A tal “ingerência externa”, ao que parece, seria a lei que permite novos parcelamentos de dívidas fiscais, medida contra a qual as associações ou sindicatos dos servidores fazendários foram contrários.

A lei, no caso, tenha ou não sido resultado de MP, veio a lume nos termos da CF. Não se trata de ingerência, mas de decisão legítima, de quem detém o poder de decidir.

Não colocamos em dúvida a capacidade técnica das autoridades fazendárias, o que está mais que comprovado com os constantes recordes de arrecadação, embora a economia esteja aquém do desejado. Sem dúvida a nossa Receita é uma das melhores do mundo.

Todavia, isso não lhe dá poder para decidir como a lei deve ser feita ou mesmo cumprida. Servidor serve. Quem faz a lei é o legislador. Quem julga se a lei está certa ou não é o Judiciário. Como nos ensinou Riachão, o poeta e compositor nordestino: cada macaco no seu galho. Chô! Chuá!

Além das normas da lei 8.112/90, os servidores do poder executivo federal estão ainda sujeitos a um severo Código de Ética, contido no decreto 1.171 de 22/6/94, cujas primeiras 3 regras afirmam:

I – A dignidade, o decoro, o zelo, a eficácia e a consciência dos princípios morais são primados maiores que devem nortear o servidor público, seja no exercício do cargo ou função, ou fora dele, já que refletirá o exercício da vocação do próprio poder estatal. Seus atos, comportamentos e atitudes serão direcionados para a preservação da honra e da tradição dos serviços públicos.
II – O servidor público não poderá jamais desprezar o elemento ético de sua conduta. Assim, não terá que decidir somente entre o legal e o ilegal, o justo e o injusto, o conveniente e o inconveniente, o oportuno e o inoportuno, mas principalmente entre o honesto e o desonesto, consoante as regras contidas no art. 37, caput, e § 4°, da Constituição Federal.
III – A moralidade da Administração Pública não se limita à distinção entre o bem e o mal, devendo ser acrescida da idéia de que o fim é sempre o bem comum. O equilíbrio entre a legalidade e a finalidade, na conduta do servidor público, é que poderá consolidar a moralidade do ato administrativo.

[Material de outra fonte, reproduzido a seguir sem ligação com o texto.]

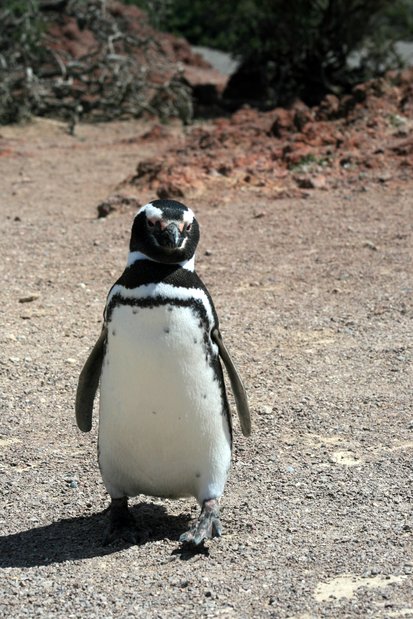 Pingüino de Magallanes en Punta Tombo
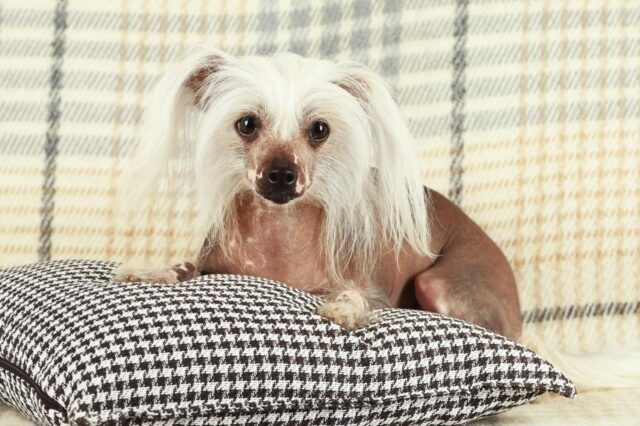 Best dog cameras for Chinese Crested Dogs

Na regra XIV do mesmo Código, afirma-se que:

XIV – São deveres fundamentais do servidor público:
h) ter respeito à hierarquia, porém sem nenhum temor de representar contra qualquer comprometimento indevido da estrutura em que se funda o Poder Estatal;
i) resistir a todas as pressões de superiores hierárquicos, de contratantes, interessados e outros que visem obter quaisquer favores, benesses ou vantagens indevidas em decorrência de ações imorais, ilegais ou aéticas e denunciá-las;
Assim, de um lado é louvável o fato de que o mencionado servidor decidiu exonerar-se do cargo. Todavia, não nos parece adequado afirmar ingerência externa em decisões do órgão a que pertence ou pertencia, sem que tenha cumprido a regra da letra h acima : representar contra qualquer comprometimento indevido da estrutura em que se funda o Poder Estatal. Quem sai atirando deve dizer qual é o alvo.

As entidades da sociedade civil – especialmente a Ordem dos Advogados do Brasil (à qual estou encaminhando cópia dos estudos a respeito do assunto) devem ficar atentas para impedir que os poderes públicos que tanto nos atormentam, sejam mais multiplicados, com a fragmentação do Executivo, cujo controle já é muito difícil de ser feito.

Vocês já imaginaram termos administrações tributárias dotadas de autonomia financeira, administrativa e funcional, em cada estado, em cada um dos cerca de 6.000 municípios desse imenso país? Não tem como funcionar! Isso seria um super poder descontrolado e, pior ainda, uma verdadeira ditadura fiscalista.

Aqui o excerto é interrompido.